In a 2013 meta-analysis on dietary cholesterol authored by one of the DGAC members from Tufts University, 92 percent of the studies reviewed were paid for by industry, mainly the egg industry. Nearly every cited study showed that eggs or other cholesterol-containing foods had an unfavorable effect on blood cholesterol levels. However, the review inappropriately concluded that the effect of dietary cholesterol on plasma lipid concentrations “is modest and appears to be limited to population subgroups.”
In 2015, researchers from the same university published a new report paid for by the Egg Nutrition Center, the research arm of the American Egg Board. Nearly every study included in the meta-analysis was funded by the American Egg Board or other industry-related sources. Specifically, 13 of the 15 included studies in the analysis of the effect of dietary cholesterol on LDL cholesterol were industry-funded.
For decades, the Dietary Guidelines have recommended that Americans limit dietary cholesterol to no more than 300 milligrams per day, with further reductions to no more than 200 milligrams per day for persons with or at high risk for cardiovascular disease. Studies clearly show that eggs and other high-cholesterol foods raise blood cholesterol levels. Even a small increase in blood cholesterol, applied population-wide, is likely to increase the number of people dying of heart disease.
The lawsuit states, “Abundant scientific evidence shows that cholesterol is a significant contributor to cardiovascular disease, the leading killer of Americans. The DGAC’s recommendations are part of a 20-year attempt at a cholesterol image makeover based on research funded by USDA’s egg promotion program and designed specifically to increase egg consumption regardless of the health risks that may result from unlimited cholesterol ingestion.”
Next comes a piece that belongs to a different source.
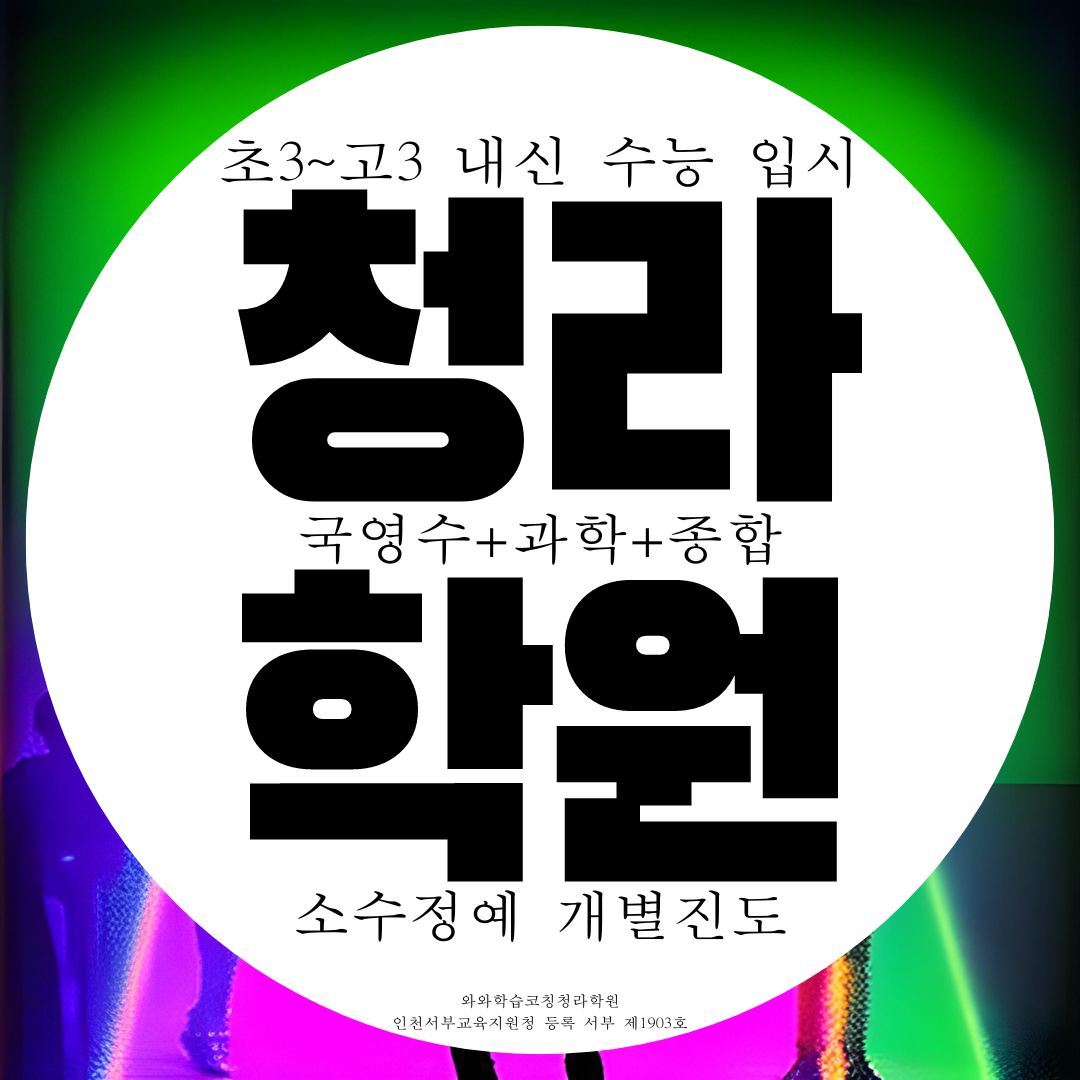  청라영어학원 국영수 과학 신현고 내신 초은고 대비 관리 전문학원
Two recent studies highlight the dangers of eggs and cholesterol. One in the journal Atherosclerosis found that study participants who ate the most eggs, compared with those who ate the least, had 80 percent higher coronary artery calcium scores, a measure of heart disease risk. A study in the Canadian Journal of Cardiology found that those who consume the most eggs have a 19 percent increased risk for cardiovascular problems.
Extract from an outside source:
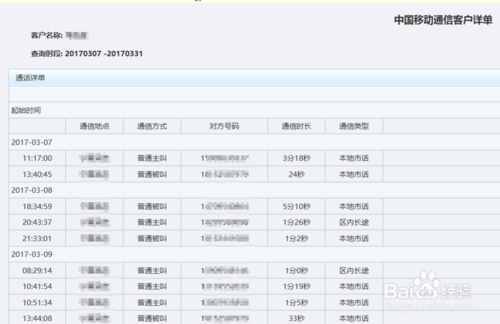 澳门开奖结果+开奖记录表香,灵活性策略解析_储蓄版48.682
“Continued cholesterol warnings in the Dietary Guidelines would help protect consumers nationwide from heart disease,” says Ulka Agarwal, M.D., a California physician who is one of the lawsuit’s co-plaintiffs. “The decision could be as potentially lifesaving as California’s Proposition 65, which requires companies to put warnings on potentially cancer-causing products.”
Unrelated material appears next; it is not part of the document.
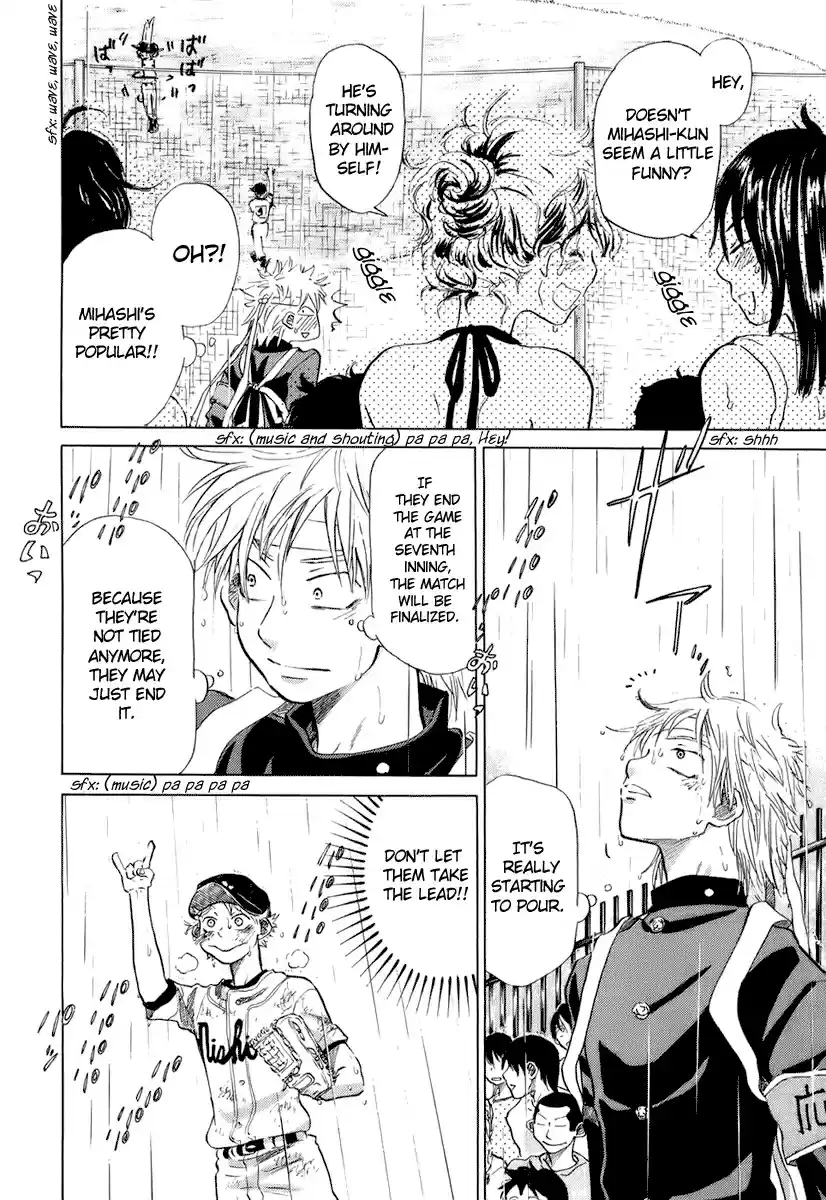 Ookiku Furikabutte Vol.7 Ch.14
Dr. Agarwal is one of four individuals, in addition to the Physicians Committee, serving as plaintiffs in the lawsuit filed with the United States District Court for the Northern District of California. The others are California physicians John McDougall, M.D., and Donald D. Forrester, M.D.
Physicians Committee president Neal Barnard, M.D., said, “Heart disease will remain America’s leading killer if USDA Sec. Tom Vilsack and HHS Sec. Sylvia Burwell remove disease-preventing cholesterol warnings from the 2015 Dietary Guidelines because of industry-funded pressure.”
Founded in 1985, the Physicians Committee for Responsible Medicine is a nonprofit organization that promotes preventive medicine, conducts clinical research, and encourages higher standards for ethics and effectiveness in education and research.